Page 1 of 1

Introduce git LFS ?

Posted: Sat Apr 11, 2020 1:05 pm
by mrmclovin
What's your opinion of introducing the Git Large File Storage https://git-lfs.github.com/ ?

It will help minimize repo size and improve performance when working with git since git then won't have to track chunks of large media files. I think Github have support for it as well which should make it really easy to integrate.

It could be really beneficial for the documentation manual as well since adding images, tutorial media files etc could be really easy and under version control while being really cheap and not clutter the repo with heavy weights.

There will probably be an increase of tooling dependencies as a developer would need to have the extension installed I think.

WDYT?

Re: Introduce git LFS ?

Posted: Sat Apr 11, 2020 6:36 pm
by dark_sylinc
I have experience with Git LFS, which is why I'd be against it for the Ogre project:
  1. Ogre doesn't have many big files (e.g. above 0.5-1 MB) and for those files, we rarely change or delete them.

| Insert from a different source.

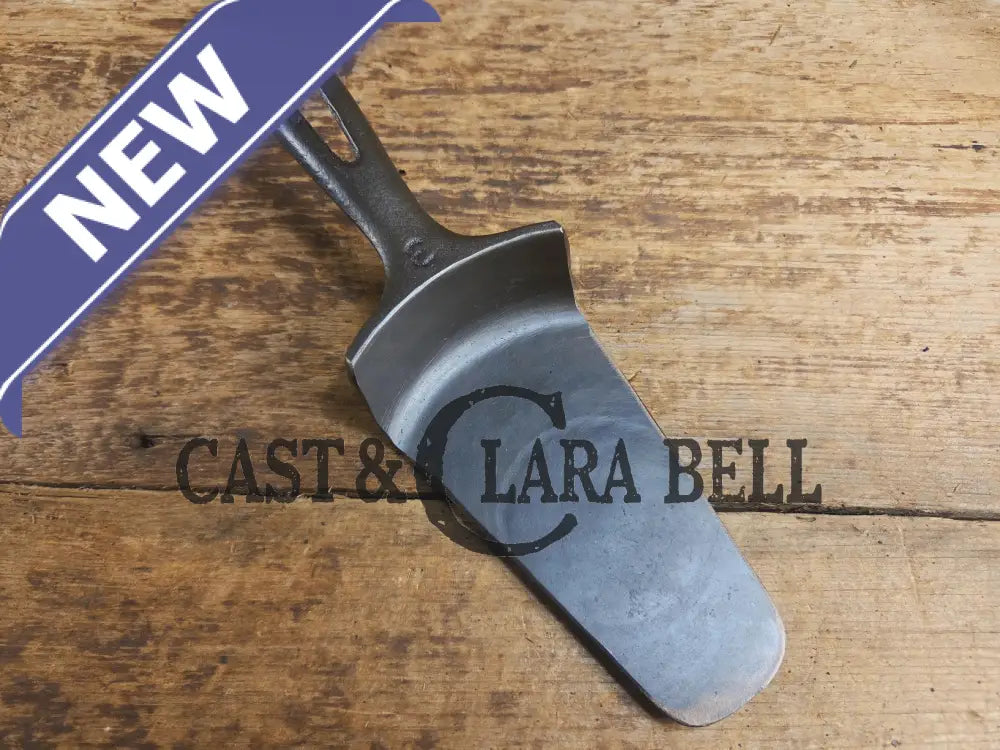 Custom made pie server made from a repurposed skillet that was cracked. Very cool and unique gift! Ready to use! SC24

LFS makes sense when you're modifying a 25MB file in multiple commits; thus when you clone a project from scratch you end up downloading ~20MB x number_commits_modifying_that_file. But with LFS you only download 25 MB because you download the latest version. However if you push a file in one commit and never ever change it again (or remove it), LFS is pointless
  2. Documentation has many small-sized data files instead of big sized files which reduces the effectiveness of LFS.
  3. In the specific case of documentation (Github Pages / gh-pages branch), when we get a big change (e.g. because Doxygen was updated and changed something everywhere), instead of perfoming another commit we force-push a single commit that replaces everything, which is similar to what LFS does (only download the latest version, as we get rid of the older versions).
  4. In the case of ogre-next it doesn't work with hg-git
  5. It introduces a few ocasional technical issues:
    1. Files not being committed as LFS in a misconfigured client, thus appear always dirty until they're recommited as LFS, but now the file has already been added to the repo and thus compltely fixing it would mean rewriting history/push force all commits since that file was introduced as non-LFS. If you don't rewrite history and for some reason you checkout older commits where this glitch happened, abandoning detached head state is a PITA because git always thinks the repo is dirty even after reset --hard and refuse to continue because 'your changes will be overwritten' by the checkout. This also makes git bisect a billion times harder to use.
    2. This affects advanced users and ogre devs: Pulling from multiple repo clones (e.g. build farms, multiple branches) always requires an active internet connection because LFS will try to redownload the LFS files from server even though you already have them locally. You can switch to dirty things like copying the .git folder but that's error prone (e.g. deleting the wrong .git folder) or not viable (the repos are forks). If the repo is private, then credentials must be set on all machines.
In the case of samples, bigger, better-looking projects that need big asset files (e.g. many 4096x4096 textures, multi-megabyte mesh files) it makes sense to use LFS. But for that case it may be better to analyze the idea of moving those samples into another git repo (which would use LFS) and use git submodules to link them to the main Ogre repo.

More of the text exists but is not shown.